I’ve written before about the problems with both the aggressive assertion of copyright and the inability of online platforms to discern legitimate claims from the misuse of reporting tools on offer, with YouTube as the convergence point of these dual phenomena. Invariably the response from these platforms is that their user base is too large and too spread out to offer any effective administrative policing, so the task falls to users to police one another. The problem with this approach comes from the baseline assumption that users can be trusted with these tools and this power; as we’ve seen in society at large, while the vast majority of people will probably do the right thing, it only takes a few to do wrong and ruin the whole thing for everyone.
The latest incident in a string of bogus copyright claims involves streamers losing out on monetization from a pair of videos over numbers. As reported in Techdirt, a YouTube creator working under the nom de guerre AnneMunition was hit with copyright claims on a pair of videos with the assertion that she didn’t hold he copyright to the numbers 36 and 50. AnneMunition posted the text of the former claim on her Twitter account, showing that her 2017 video of a Witcher 3 playthrough was dinged by a “copyright owner” for her use of the number 36; further down the tread are additional claims, with the reveal that they originated from a company called Fullscreen, Inc.
Who are Fullscreen, Inc., and what might possess a company to make such a claim?
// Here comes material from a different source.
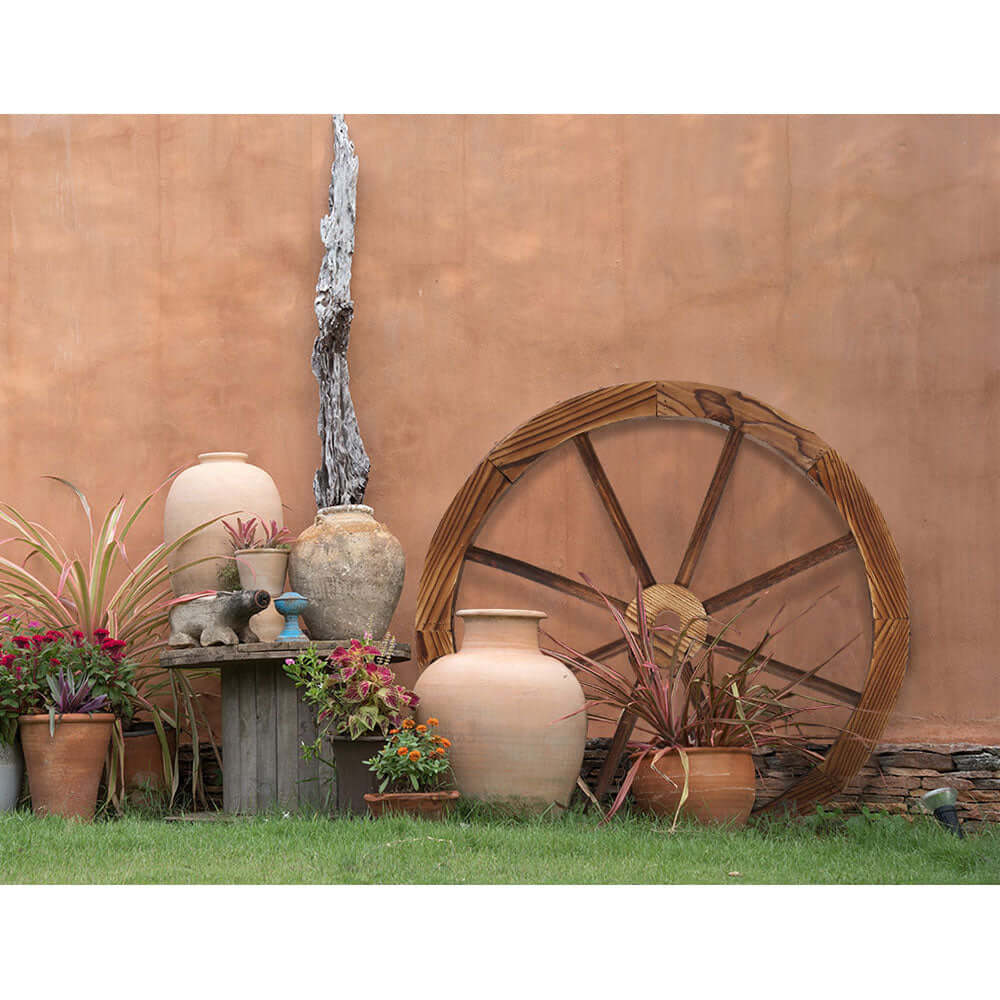 Rustic Gardeon Wooden Wagon Wheel used in garden decor, surrounded by clay pots and plants for a vintage aesthetic.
Techdirt notes that they’re a social media content company, but they could be Pythagoras reincarnate and their claim over numbers would have no more merit. Even those with no knowledge of intellectual property law could intuit that you can’t copyright numbers, and Fullscreen would seem to know a little bit more than nothing if they’re on YouTube making claims as to what is their IP. Unless they have no access to common sense or any sort of legal advice, they had to know their claims have zero basis.
It’s easy to impugn Fullscreen and their motives, and rightly so if there actions prove to be in bad faith. But we can’t overlook the role that a lack of oversight on the part of YouTube plays in this ongoing issue. Tech companies can’t, or at least shouldn’t, talk out of both sides of their mouths, asserting their growth and dominance for investors while demurring that they’re but a humble and limited operation for lawmakers and others who demand oversight. Bogus copyright claims might not be as urgent a matter as hate speech and other vile behaviors that fester online, but they’re part of a larger pattern of bad behavior that goes largely unpunished. For the sake of our society and IP, tech needs to outgrow its indifference, or be made to.